I do not count it as pain.” This story was told by the Master while he was at Jetavana. It is about a monk who was overwhelmed by passion. Being questioned by the Master, he admitted his fault, explaining that he longed for the wife of his worldly life. “For, oh sir!” he said, “she is such a sweet woman that I cannot live without her.”

“Brother,” the Master said, “she is harmful to you. In former days she was the cause of you being impaled on a stake. And it was for bewailing her at your death that you were reborn in hell. So why do you now long for her?” And so saying, he told the following story of the past.


Once upon a time when Brahmadatta was reigning in Benares, the Bodhisatta was born as a spirit of the air. Now in Benares they were holding the night-festival of Kattikā (the last month of the rainy season). the city was decorated like a city of the gods, and all of the people were on holiday.

There was a poor man who had only a couple of coarse cloths which he had washed and pressed until they were in 100, even 1,000 creases. But his wife said, “My husband, I want a safflower-colored (red) cloth to wear as I go about at the festival with you.”

“How are poor people like us to get safflowers?” said he. “Put on your nice clean clothing and come along.”

“If I can’t have my clothes dyed with safflower, I don’t want to go at all,” his wife said. “Get some other woman to go to the festival with you.”

“Why are you torturing me like this? How are we to get safflowers?”

“Where there’s a will, there’s a way,” the woman retorted. "Are there no safflowers in the King’s greenhouses?”

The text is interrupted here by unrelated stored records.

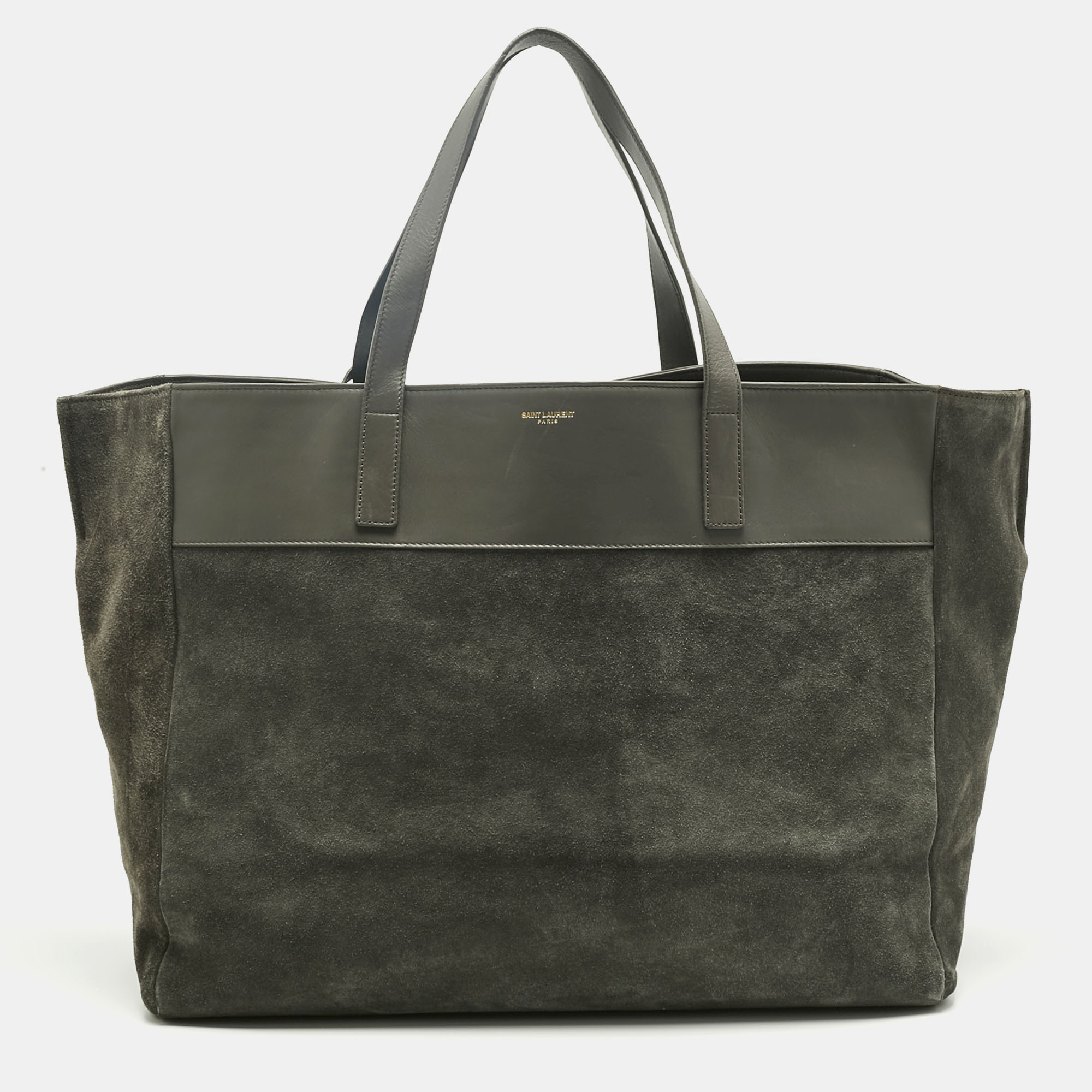 

Saint Laurent Grey Suede and Leather Suede Reversible Shopper Tote
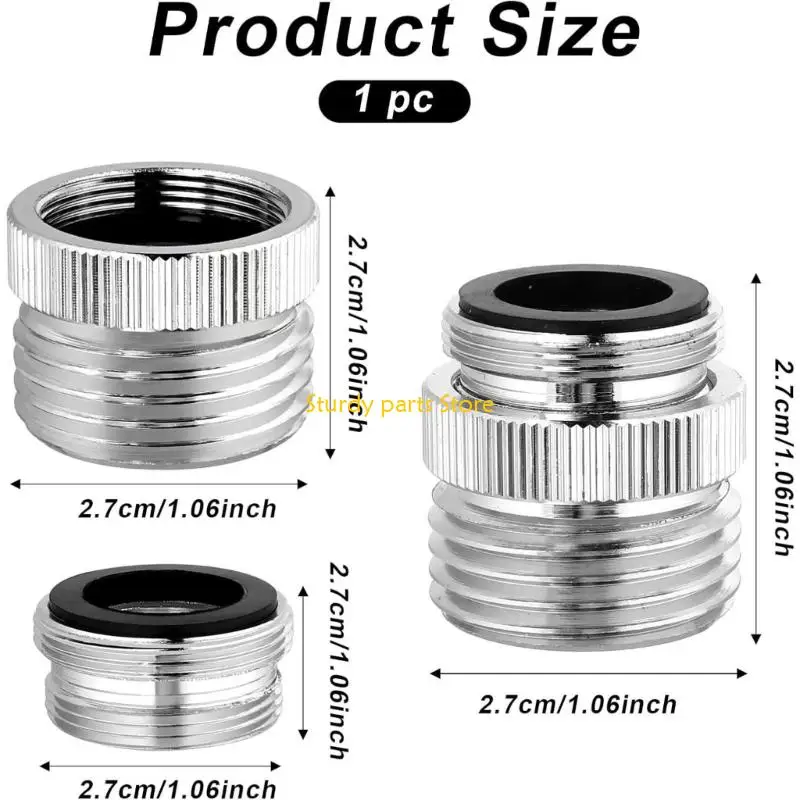 97QC مرفق خرطوم صنبور مقاوم للتسرب 2 حزمة متينة النحاس كروم لوحة Aerator محول 3/4inch الخيط يومي الاستخدام غير الرسمي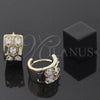 Oro Laminado Huggie Hoop, Gold Filled Style with White Cubic Zirconia, Polished, Golden Finish, 5.132.003
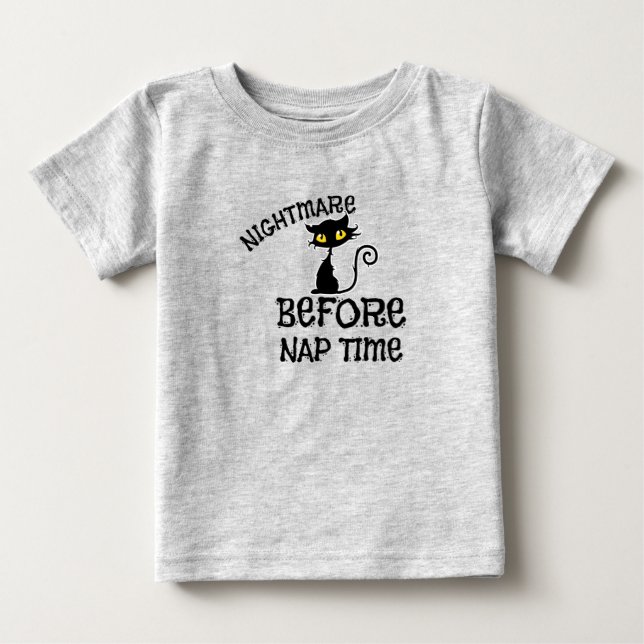Para Bebê Camiseta Gato Preto Halloween (Frente)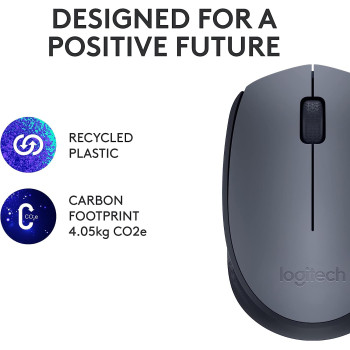 Logitech M170 Wireless Mouse, 2.4 GHz with USB Mini Receiver, Optical Tracking, 12-Months Battery Life, Ambidextrous PC/Mac/Laptop - Grey/Black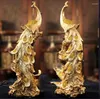 Dekorativa figurer Nordiska harts Phoenix Figurin Pure Golden Bird of Wonder Staty Modern djurskulptur Creative Ornament Home Office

“Wife,” he said, “the King’s conservatories are like a pool haunted by an ogre. There’s no getting in there with such a strong guard on the watch. Give up this fantasy and be content with what you have.”

“But when it’s night-time and dark,” she said, “what’s to keep a man from going where he wants?”

As she persisted in her pleading, his love for her at last made him give in. He promised that she should have her wish. Risking his life, he went out of the city at night and got into the greenhouses by breaking down the fence. But the noise he made breaking down the fence alerted the guards who went off to catch the thief. They soon caught him and. They beat him, cursed him, and put him in chains.

In the morning he was brought before the King who ordered him to be impaled alive. He was hauled off with his hands tied behind his back. They led him out of the city to his execution to the sound of the drum, and then he was impaled alive.

Figure: A Woeful Lack of Good Judgment

Figure: A Woeful Lack of Good Judgment

His pain was agonizing. And to make it worse, crows settled on his head and pecked out his eyes with their dagger-like beaks. Yet, heedless of his pain and thinking only of his wife, the man murmured to himself, “Alas, I shall miss going to the festival with my wife arrayed in safflower-colored cloths with her arms wrapped around my neck.” So saying, he uttered this stanza:

I do not count it as pain that, here impaled,

I am torn by crows. My heartfelt pain is this,

That my dear wife will not keep holiday

Attired in gay clothing of red hue.

And as he was babbling about his wife, he died and was reborn in hell.


His lesson ended, the Master identified the birth by saying, “This husband and wife were the husband and wife of those days also, and I was the spirit of the air who made their story known.”